Researcher Nightmare Eclipse circumvents removal of vulnerability disclosure from GitHub/GitLab to release proof-of-concept achieving SYSTEM privileges in Windows 10/11

Just hours after Microsoft issued its largest Patch Tuesday (10 June 2026) update to date, a newly disclosed zero-day vulnerability affecting Microsoft Defender has emerged, raising fresh concerns about the resilience of fully patched Windows systems.

The proof-of-concept exploit, dubbed “RoguePlanet”, was released by a researcher on the same day, operating under the name Nightmare Eclipse and is reported to achieve SYSTEM-level privileges on both Windows 10 and Windows 11.

The exploit leverages a race condition within Microsoft Defender, allowing local privilege escalation even on systems updated with the June 2026 cumulative patch (KB5094126). Nightmare Eclipse had published the exploit code via a self-hosted repository, citing prior removals of similar content from mainstream platforms such as GitHub and GitLab.

The researcher has noted that exploitation success can vary due to the race condition nature of the flaw, although consistent results were achieved on certain systems. Earlier iterations reportedly targeted remote code execution via SMB share handling, but Microsoft had quietly hardened the relevant API in May, limiting the current version to local exploitation.

Cybersecurity firm ThreatLocker has validated the proof of concept, confirming that the exploit functions as described. It also noted that application allowlisting can effectively block execution, offering organizations a practical mitigation strategy before official patches are available.

Since April 2026, multiple zero-day vulnerabilities (BlueHammer, RedSun, UnDefend, YellowKey, GreenPlasma, and MiniPlasma) — have been released by Nightmare Eclipse, which primarily targeting Windows security components including Defender and BitLocker. Microsoft has addressed some of these issues, including GreenPlasma and YellowKey, in its June update, to resolve more than 200 vulnerabilities and three previously disclosed zero-days. The update also patched CVE-2026-41091, an actively exploited Defender elevation-of-privilege flaw.

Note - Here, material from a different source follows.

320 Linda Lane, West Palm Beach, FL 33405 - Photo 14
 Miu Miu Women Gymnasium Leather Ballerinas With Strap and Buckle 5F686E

Microsoft’s initial response to the disclosure campaign has included warnings about potential legal action against actors causing harm, which are drawing criticism from the security community. The firm had later clarified that it remains committed to coordinated vulnerability disclosure and does not intend to pursue legal action against legitimate researchers.

Amid this deplatformization affray, Nightmare Eclipse has continued to release exploits independently, bypassing traditional disclosure channels.